Exercise
Please restate word for word each line from the one containing "LIQUIDAMBAR styraciflua SLENDER SILHOUETTE" to the last line of the records below, and drop the pictures.

(Short descriptive text snippets)
****************************************
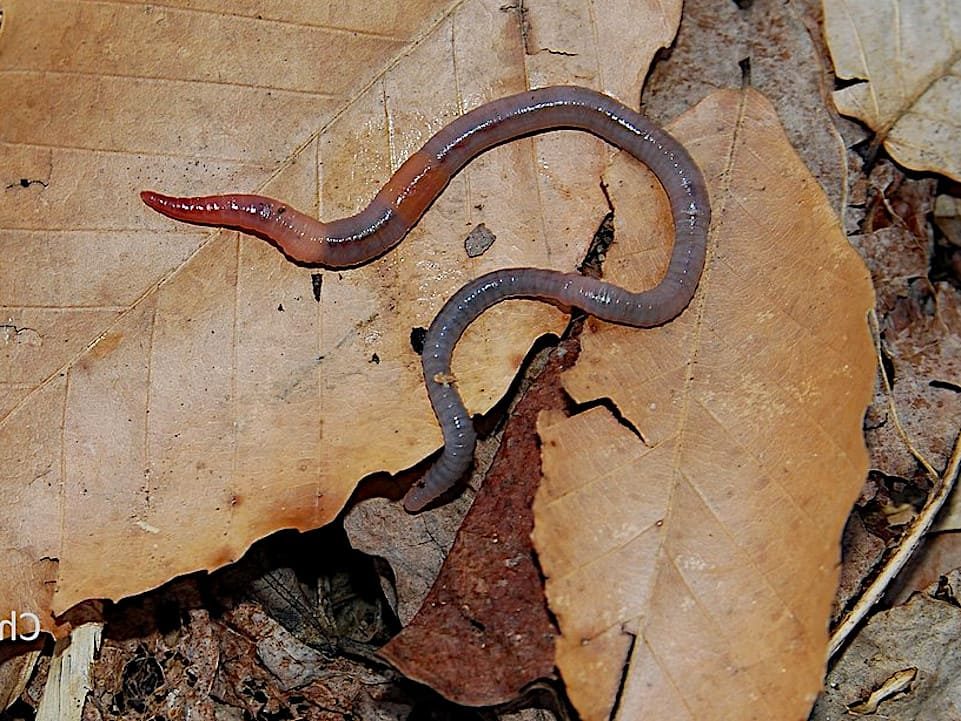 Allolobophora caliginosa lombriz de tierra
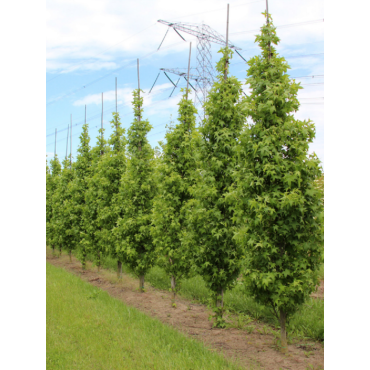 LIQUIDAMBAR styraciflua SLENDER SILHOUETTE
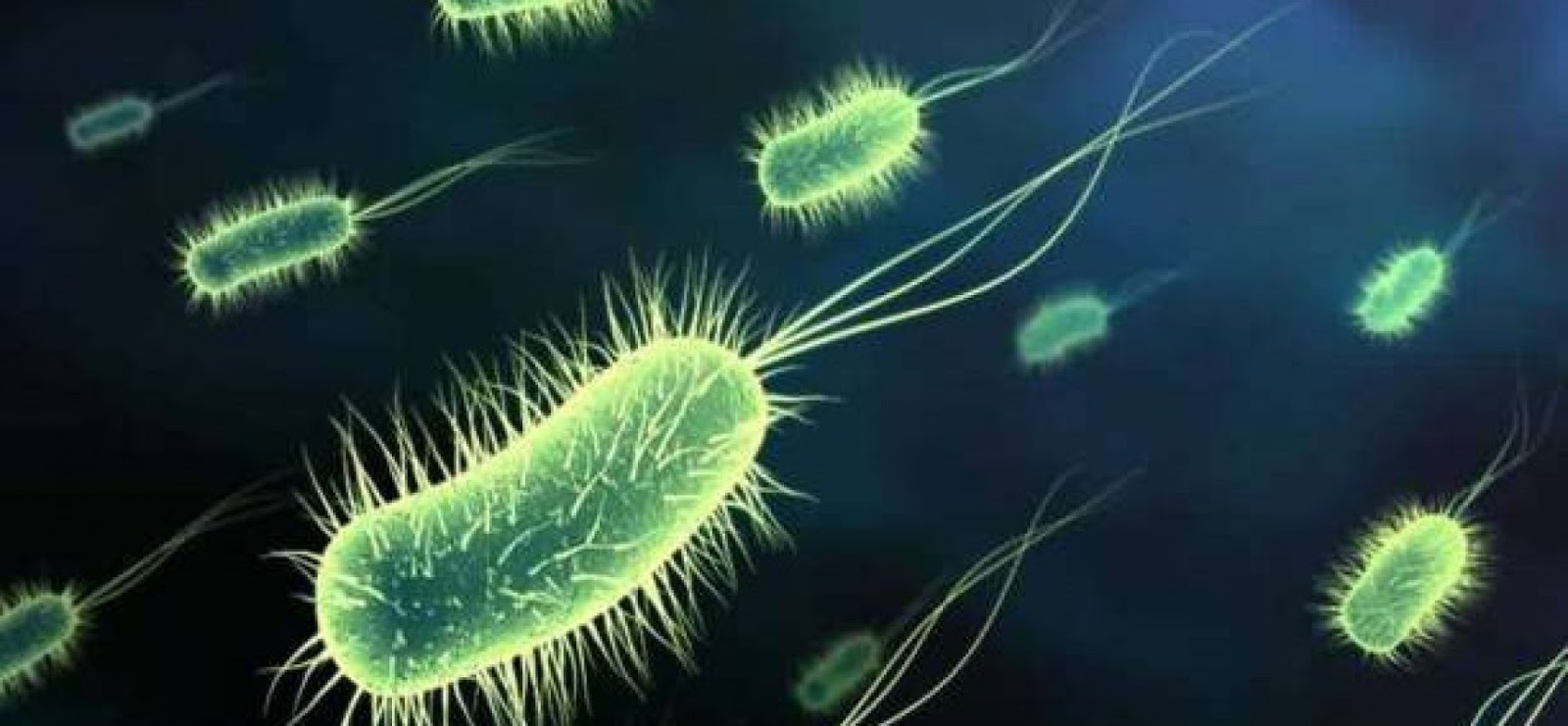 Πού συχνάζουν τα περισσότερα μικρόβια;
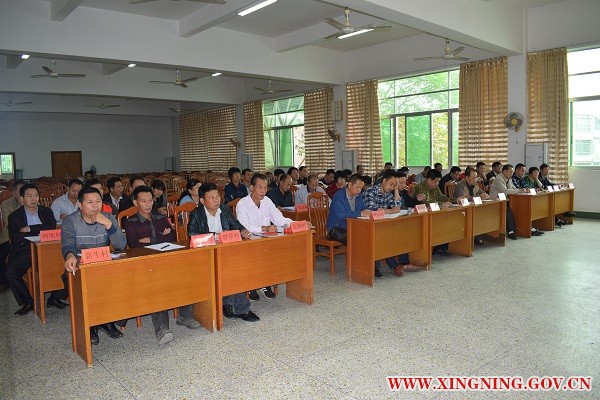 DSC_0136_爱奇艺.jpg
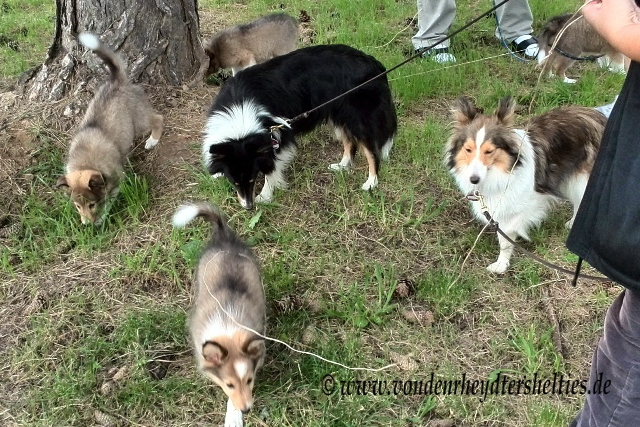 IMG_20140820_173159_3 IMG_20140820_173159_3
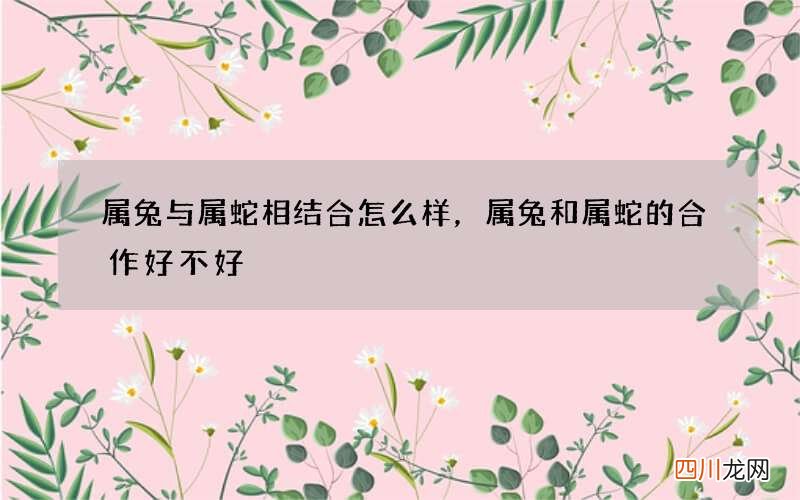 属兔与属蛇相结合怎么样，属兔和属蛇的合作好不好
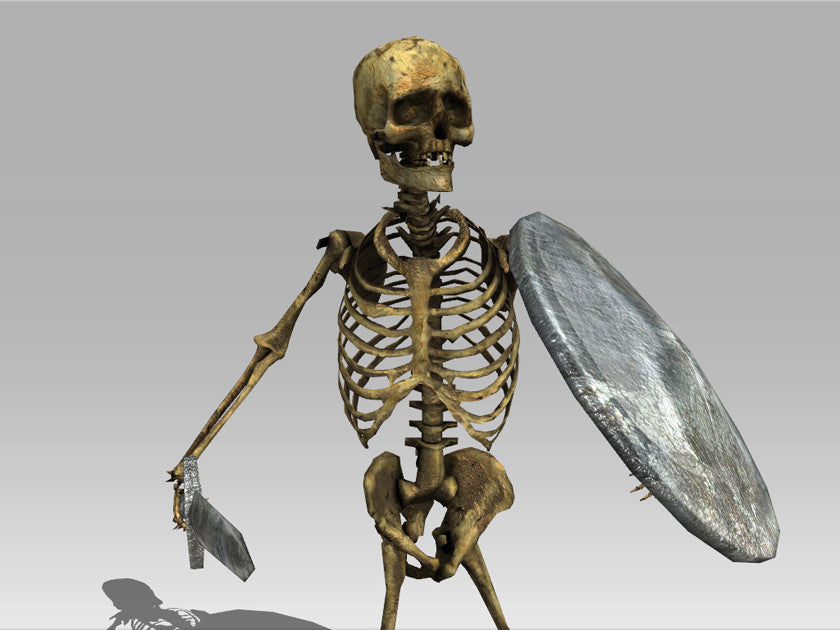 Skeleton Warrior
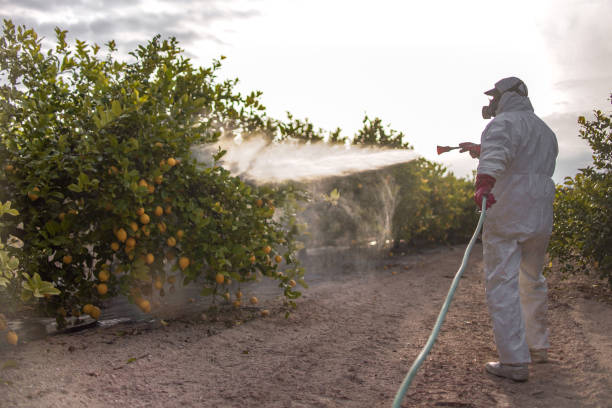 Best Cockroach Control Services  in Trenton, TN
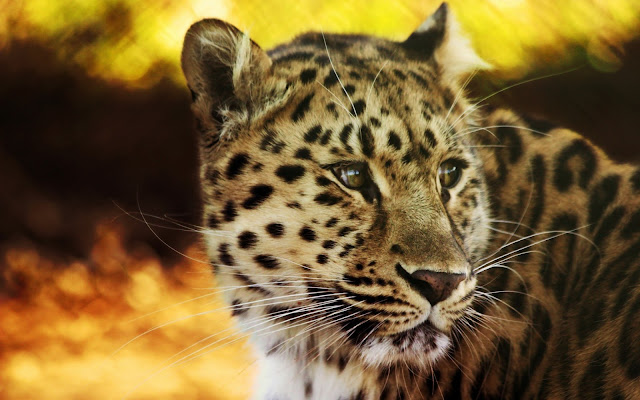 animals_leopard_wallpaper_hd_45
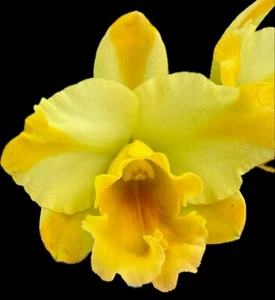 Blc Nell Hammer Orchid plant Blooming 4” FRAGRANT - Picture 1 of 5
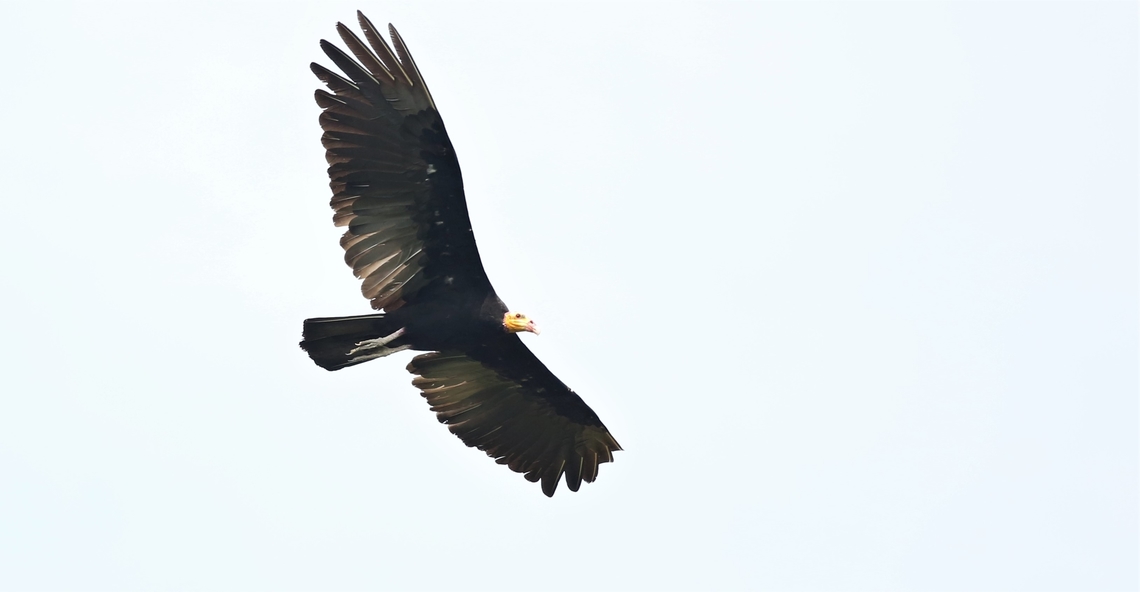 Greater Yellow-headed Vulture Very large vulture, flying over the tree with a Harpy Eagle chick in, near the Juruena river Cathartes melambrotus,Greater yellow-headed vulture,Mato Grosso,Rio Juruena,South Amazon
****************************************
Answer to the problem
 LIQUIDAMBAR styraciflua SLENDER SILHOUETTE
 Πού συχνάζουν τα περισσότερα μικρόβια;
 DSC_0136_爱奇艺.jpg
 IMG_20140820_173159_3 IMG_20140820_173159_3
 属兔与属蛇相结合怎么样，属兔和属蛇的合作好不好
 Skeleton Warrior
 Best Cockroach Control Services  in Trenton, TN
 animals_leopard_wallpaper_hd_45
 Blc Nell Hammer Orchid plant Blooming 4” FRAGRANT - Picture 1 of 5
 Greater Yellow-headed Vulture Very large vulture, flying over the tree with a Harpy Eagle chick in, near the Juruena river Cathartes melambrotus,Greater yellow-headed vulture,Mato Grosso,Rio Juruena,South Amazon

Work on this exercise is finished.